*** Stored data Section Begins ***
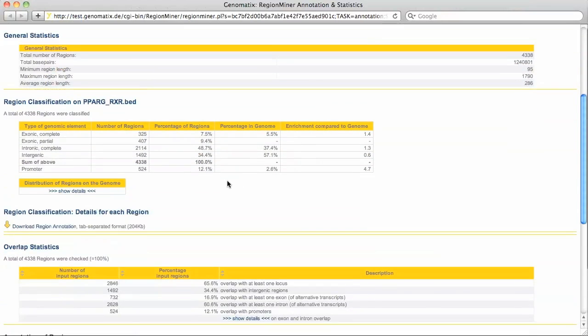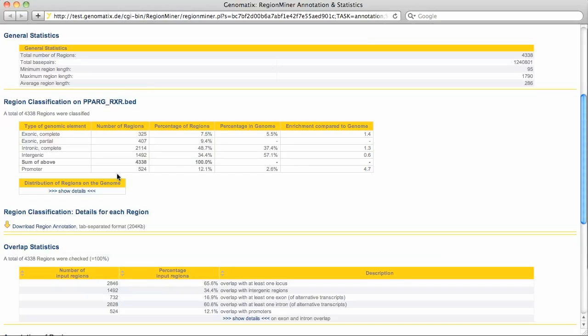On the result page we get some statistics, for example a classification of the binding regions. About 12% of the PPAR gamma RXR regions overlap with promoters. As only 2.6% of the mouse genome are annotated as promoter region, this corresponds to a 4.7 fold enrichment of binding regions in promoters.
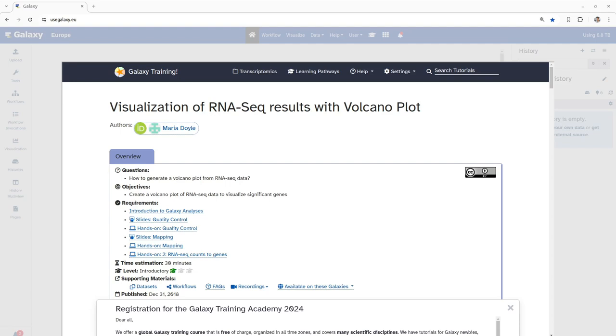The objective of this tutorial is creation of a volcano plot of RNA-seq data to visualize significant genes. Before jumping into the hands-on analysis, let us understand what volcano plots are.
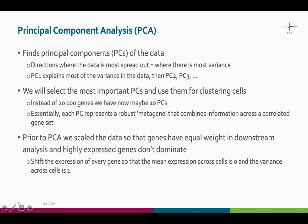Essentially, you can think of principal components as representing a robust metagene that combines the information across correlated gene sets. Remember that before PCA, we scaled the data so that the genes have equal weight in the downstream analysis and the highly expressed genes don't dominate.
*** Stored data Section Ends ***
Restate the whole listing above exactly, except for its images.

On the result page we get some statistics, for example a classification of the binding regions. About 12% of the PPAR gamma RXR regions overlap with promoters. As only 2.6% of the mouse genome are annotated as promoter region, this corresponds to a 4.7 fold enrichment of binding regions in promoters.
The objective of this tutorial is creation of a volcano plot of RNA-seq data to visualize significant genes. Before jumping into the hands-on analysis, let us understand what volcano plots are.
Essentially, you can think of principal components as representing a robust metagene that combines the information across correlated gene sets. Remember that before PCA, we scaled the data so that the genes have equal weight in the downstream analysis and the highly expressed genes don't dominate.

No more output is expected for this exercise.